In spite of last summer being a washout compared with 2018’s record-melting temperatures, ice cream’s take-home value sales slipped by just 0.4% in grocery [Kantar 52 w/e 3 November 2019]. And brands managed to better last year with a £5.1m gain.

So, what has got the category singin’ in the rain? And how has it avoided falling into a post-heatwave malaise?

It would be wrong to suggest the weather had no impact at all. Overall, consumers bought 7.9 million fewer litres of ice cream last year, a decline of 2.1%.

However, it’s not all about how much you sell. It’s also what you sell that matters. Brands managed to mitigate the volume decline with a 3.1% increase in average price per litre, which meant they still mustered a 0.8% value increase to £671.5m. By contrast, own-label ice cream - which had no change in price - slumped 2.1% to £423.3m.

Brands have managed to gain an edge over own label by capitalising on consumer appetite for higher-end fare, suggests Josh Lee, co-founder of premium brand Northern Bloc. “The consumers wanting more premium products are willing to pay, as long as the ice cream delivers on taste, is interesting and ethically sourced,” he says. “While many own-label options look the part in packaging, they are low-cost alternatives that don’t always deliver on taste.”

“While many own-label options look the part in packaging, they don’t always deliver on taste”

Plus, brands tend to be more pioneering than retailer offerings, says Harry Thuillier, co-owner of low-cal brand Oppo. “Big innovation tends to start at a branded level.”

There’s no better illustration of his point than plant-based options. In this area, brands have reaped the rewards of being at the forefront of the trend. Not only are vegan options typically pricier than standard ice cream, they are also helping to buoy volumes.

Take Ben & Jerry’s. It mustered the highest gain of the top 10 ice cream brands - up £2.7m to £110.2m [Nielsen 52 w/e 26 January 2020] - following the launch of dairy-free tubs like September’s Cookie Dough. That it is priced about 15% higher than regular tubs doesn’t seem to have deterred shoppers.

“The big trends are where consumers are looking for better-for-you options, and we’ve responded to that with some of the launches you’ve seen in terms of vegan options from Ben & Jerry’s,” says Unilever VP for ice cream Andre Burger. “This Veganuary, sales have gone through the roof.”

Halo Top is similarly cashing in on the vegan trend. In August, it introduced three plant-based ice creams to the UK, which helped the brand deliver a 5.5% value increase to £22.3m [Nielsen].

This success is inspiring others to get involved. Froneri has just launched a standalone vegan brand in the form of Røar, “an indulgent plant-based ice cream aimed at consumers who are looking to indulge while still making responsible food choices”. Having hit Ocado in January, the three-strong range of tubs will roll out in Tesco from 16 March.

Even smaller brands are taking the plunge.

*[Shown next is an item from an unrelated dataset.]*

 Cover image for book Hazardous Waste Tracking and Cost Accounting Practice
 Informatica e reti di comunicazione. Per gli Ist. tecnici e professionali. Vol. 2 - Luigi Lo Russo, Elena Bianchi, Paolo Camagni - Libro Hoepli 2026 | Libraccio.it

In October, oat milk supplier Oatly gave Alpro ice cream a run for its money with the rollout of a trio of tubs. And in April, Holland & Barrett upped the innovation stakes among retailers with three 340g vegan ice creams.


Handheld brands bear brunt of poor summer: top 10 ice cream brands by value

Top 10 ice cream brands  
  Value (£m) % growth
Magnum 186.1 -5.4
Ben & Jerry’s 110.2 2.5
Haagen Dazs 80.4 -0.9
Carte D’Or 34.8 -16.4
Rowntrees 34.4 5.3
Cornetto 25.7 -18.1
Kelly’s 24.2 -16.8
Walls Twister 20.2 -11.9
Halotop 22.3 5.5
Calippo 16.4 -21.6
Source: Nielsen, 52 w/e 25 January 2020    
  • The heatwave of 2018 meant brands had a tough job to find year-on-year growth, especially amid the poor summer of 2019. So it’s little surprise that only three of the top 10 brands added value.
  • Brands with a focus on handheld formats saw the worst declines. Indeed, Wall’s Calippo and Unilever’s Cornetto suffered declines of 21.6% and 18.1% respectively. “Handheld ice cream is more seasonal and subject to the impact of the weather,” says Holly Lyford, senior client analytics executive at Nielsen.
  • But it wasn’t just the weather. Last year’s summer months were hit by a reduction in promotions.
  • The practice of promotions “has recently come under scrutiny” according to Speakeasy co-founder Jane Woodhead. “What we’re now seeing is the rise of craft producers and larger brands bringing high-quality offerings with premium price points to the market, which is driving up average prices.”
  • Nevertheless, Ben & Jerry’s returned to growth of 2.5%, having focused on increasing on and off-shelf promotions – growing its volumes on deal to 64.8%.
  • Branded ice cream has suffered from reduced space in the freezer aisle, with most seeing a reduction in distribution in the mults. “Total ice cream distribution is flat, suggesting space is being given to smaller ice cream brands, rather than other frozen categories,” Lyford says.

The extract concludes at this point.